(Pictures with short captions)
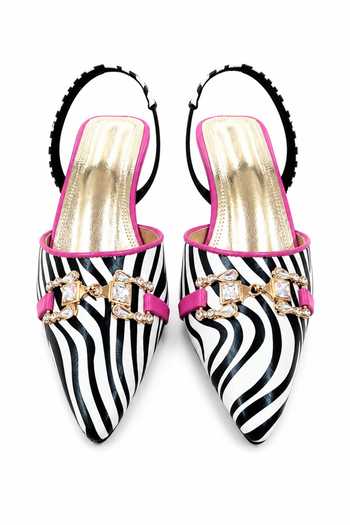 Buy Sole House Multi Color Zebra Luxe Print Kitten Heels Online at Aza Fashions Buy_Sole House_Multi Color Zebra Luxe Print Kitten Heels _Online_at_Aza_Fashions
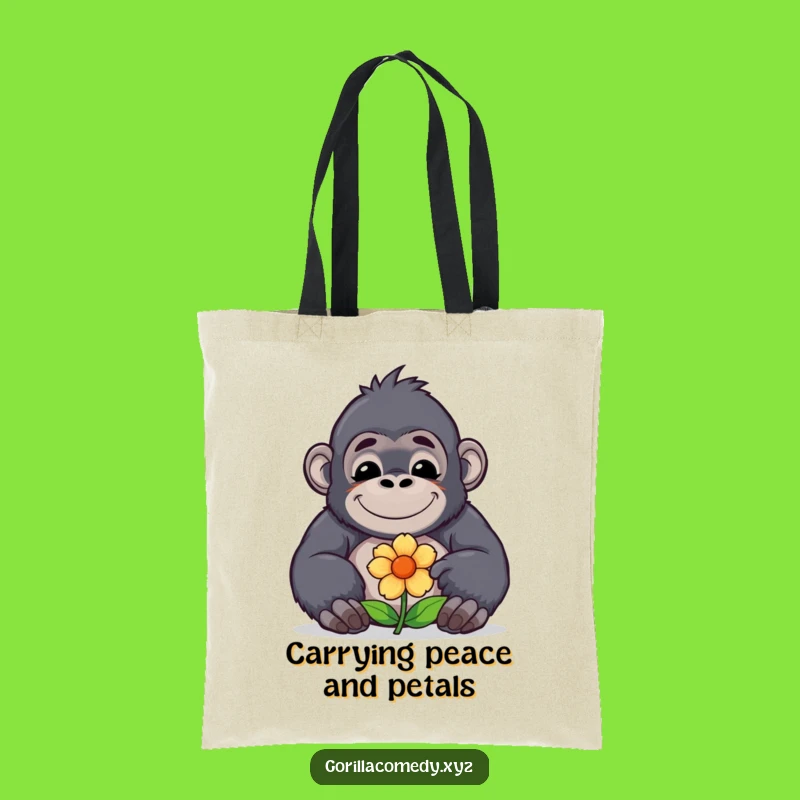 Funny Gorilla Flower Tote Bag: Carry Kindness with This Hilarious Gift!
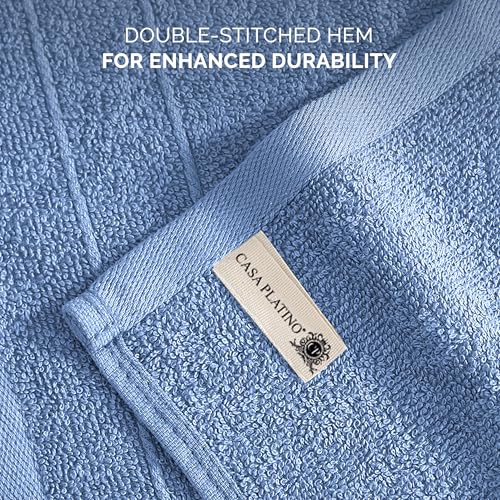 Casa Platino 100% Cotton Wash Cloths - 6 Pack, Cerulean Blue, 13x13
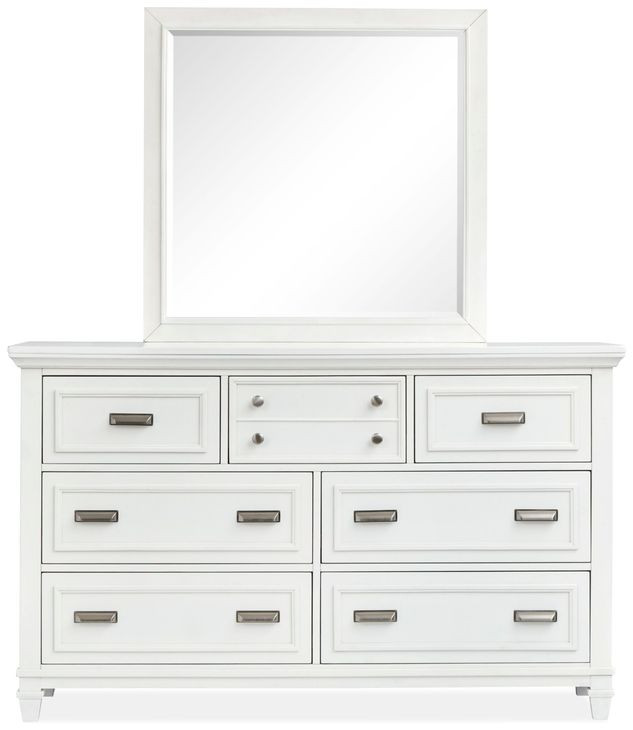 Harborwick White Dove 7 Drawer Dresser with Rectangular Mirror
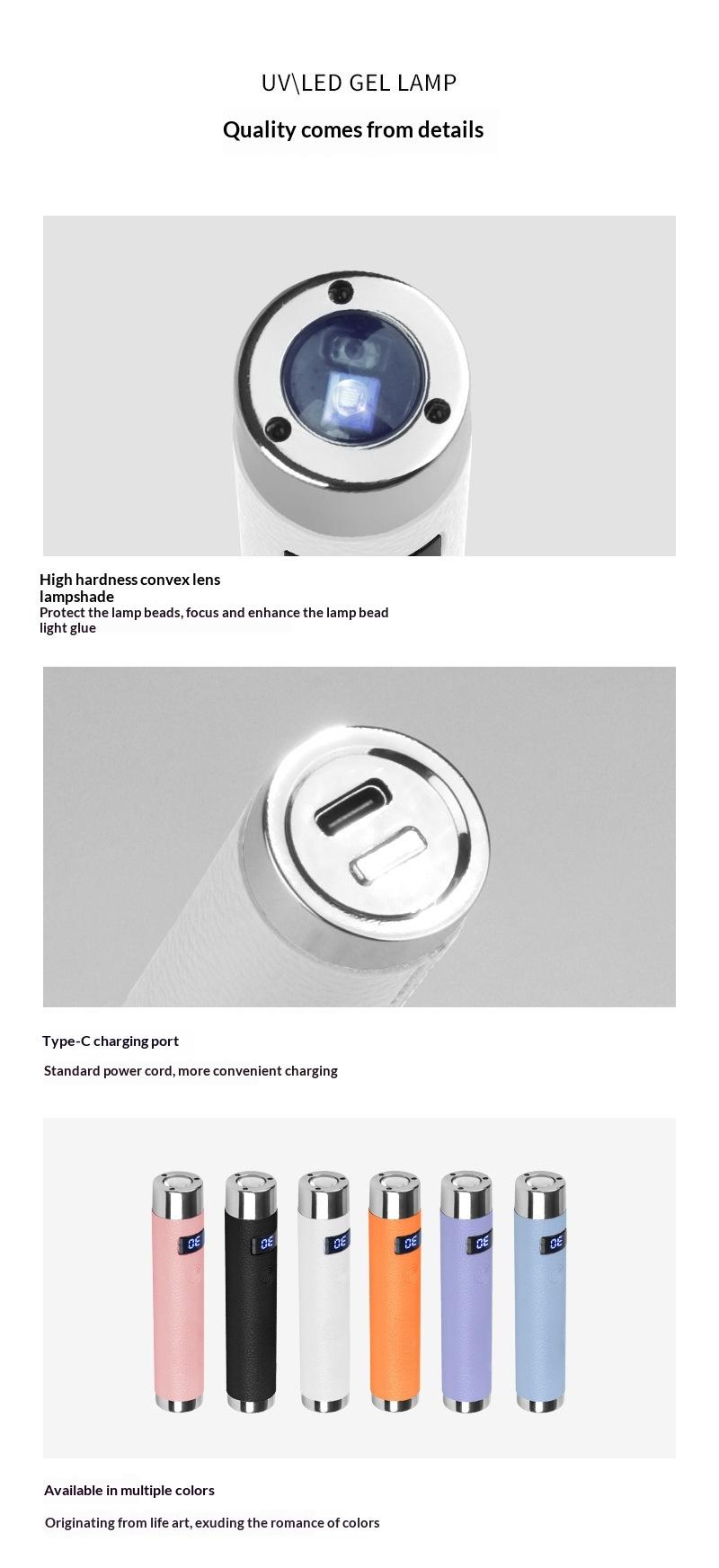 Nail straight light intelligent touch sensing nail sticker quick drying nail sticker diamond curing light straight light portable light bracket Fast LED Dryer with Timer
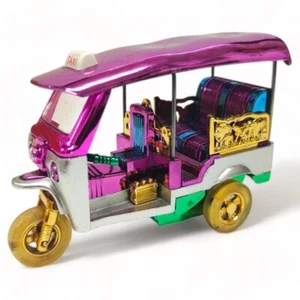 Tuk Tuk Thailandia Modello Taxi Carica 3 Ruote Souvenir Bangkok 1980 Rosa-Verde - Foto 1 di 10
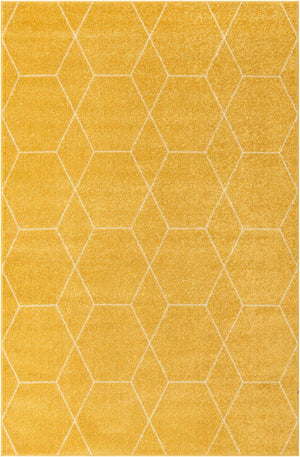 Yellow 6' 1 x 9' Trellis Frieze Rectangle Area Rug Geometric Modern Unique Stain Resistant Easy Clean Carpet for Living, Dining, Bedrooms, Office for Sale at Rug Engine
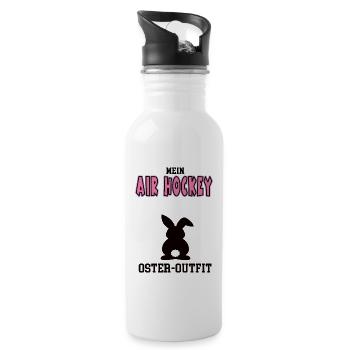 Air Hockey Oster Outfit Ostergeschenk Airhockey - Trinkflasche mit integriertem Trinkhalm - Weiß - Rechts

Work to complete: Give every line above again exactly, omitting whatever pictures appear.

Solution to this exercise:
 Buy Sole House Multi Color Zebra Luxe Print Kitten Heels Online at Aza Fashions Buy_Sole House_Multi Color Zebra Luxe Print Kitten Heels _Online_at_Aza_Fashions
 Funny Gorilla Flower Tote Bag: Carry Kindness with This Hilarious Gift!
 Casa Platino 100% Cotton Wash Cloths - 6 Pack, Cerulean Blue, 13x13
 Harborwick White Dove 7 Drawer Dresser with Rectangular Mirror
 Nail straight light intelligent touch sensing nail sticker quick drying nail sticker diamond curing light straight light portable light bracket Fast LED Dryer with Timer
 Tuk Tuk Thailandia Modello Taxi Carica 3 Ruote Souvenir Bangkok 1980 Rosa-Verde - Foto 1 di 10
 Yellow 6' 1 x 9' Trellis Frieze Rectangle Area Rug Geometric Modern Unique Stain Resistant Easy Clean Carpet for Living, Dining, Bedrooms, Office for Sale at Rug Engine
 Air Hockey Oster Outfit Ostergeschenk Airhockey - Trinkflasche mit integriertem Trinkhalm - Weiß - Rechts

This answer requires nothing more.